— Work task —
Using the listing below, set down exactly the lines starting at the line that contains "Chanel Shiny Lambskin" and ending at the line that contains "Decal Sticker Yamaha", both included, and no others.

------------------------

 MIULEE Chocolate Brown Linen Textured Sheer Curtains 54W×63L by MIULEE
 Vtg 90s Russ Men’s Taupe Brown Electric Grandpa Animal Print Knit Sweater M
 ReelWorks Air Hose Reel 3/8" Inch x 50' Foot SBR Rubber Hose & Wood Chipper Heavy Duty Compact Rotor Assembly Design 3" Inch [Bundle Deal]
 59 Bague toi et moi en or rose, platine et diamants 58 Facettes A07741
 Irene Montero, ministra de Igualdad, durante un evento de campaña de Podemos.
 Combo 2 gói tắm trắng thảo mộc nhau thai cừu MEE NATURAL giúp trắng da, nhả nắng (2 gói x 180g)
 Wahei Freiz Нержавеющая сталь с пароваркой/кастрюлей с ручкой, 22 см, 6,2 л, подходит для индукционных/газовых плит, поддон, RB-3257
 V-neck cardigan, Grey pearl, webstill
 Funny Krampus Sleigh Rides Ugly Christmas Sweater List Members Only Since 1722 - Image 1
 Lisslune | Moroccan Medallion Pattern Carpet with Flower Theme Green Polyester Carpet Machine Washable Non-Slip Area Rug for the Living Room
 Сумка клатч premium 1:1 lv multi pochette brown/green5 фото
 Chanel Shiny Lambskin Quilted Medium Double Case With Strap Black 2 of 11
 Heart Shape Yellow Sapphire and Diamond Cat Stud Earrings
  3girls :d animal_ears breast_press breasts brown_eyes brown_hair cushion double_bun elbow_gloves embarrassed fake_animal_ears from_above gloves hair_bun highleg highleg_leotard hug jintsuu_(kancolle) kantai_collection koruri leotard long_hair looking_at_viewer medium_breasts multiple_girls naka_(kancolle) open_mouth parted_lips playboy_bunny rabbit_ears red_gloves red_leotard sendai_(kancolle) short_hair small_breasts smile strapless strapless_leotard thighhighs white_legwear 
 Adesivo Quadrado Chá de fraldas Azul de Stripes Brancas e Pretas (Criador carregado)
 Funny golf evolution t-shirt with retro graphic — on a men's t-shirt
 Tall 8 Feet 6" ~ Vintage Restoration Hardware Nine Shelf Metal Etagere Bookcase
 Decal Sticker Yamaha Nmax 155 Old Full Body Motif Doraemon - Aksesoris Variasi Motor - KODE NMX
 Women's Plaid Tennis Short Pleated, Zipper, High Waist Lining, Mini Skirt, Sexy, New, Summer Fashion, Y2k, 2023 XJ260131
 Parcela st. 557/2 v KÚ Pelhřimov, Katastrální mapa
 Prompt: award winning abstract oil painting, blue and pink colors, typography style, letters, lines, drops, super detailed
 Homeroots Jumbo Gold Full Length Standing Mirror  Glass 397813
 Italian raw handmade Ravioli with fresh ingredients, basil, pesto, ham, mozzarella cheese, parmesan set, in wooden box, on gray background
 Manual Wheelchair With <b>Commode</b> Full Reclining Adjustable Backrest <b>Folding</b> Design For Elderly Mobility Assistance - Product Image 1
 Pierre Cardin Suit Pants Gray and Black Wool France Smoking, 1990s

------------------------

— Output of the exercise —
 Chanel Shiny Lambskin Quilted Medium Double Case With Strap Black 2 of 11
 Heart Shape Yellow Sapphire and Diamond Cat Stud Earrings
  3girls :d animal_ears breast_press breasts brown_eyes brown_hair cushion double_bun elbow_gloves embarrassed fake_animal_ears from_above gloves hair_bun highleg highleg_leotard hug jintsuu_(kancolle) kantai_collection koruri leotard long_hair looking_at_viewer medium_breasts multiple_girls naka_(kancolle) open_mouth parted_lips playboy_bunny rabbit_ears red_gloves red_leotard sendai_(kancolle) short_hair small_breasts smile strapless strapless_leotard thighhighs white_legwear 
 Adesivo Quadrado Chá de fraldas Azul de Stripes Brancas e Pretas (Criador carregado)
 Funny golf evolution t-shirt with retro graphic — on a men's t-shirt
 Tall 8 Feet 6" ~ Vintage Restoration Hardware Nine Shelf Metal Etagere Bookcase
 Decal Sticker Yamaha Nmax 155 Old Full Body Motif Doraemon - Aksesoris Variasi Motor - KODE NMX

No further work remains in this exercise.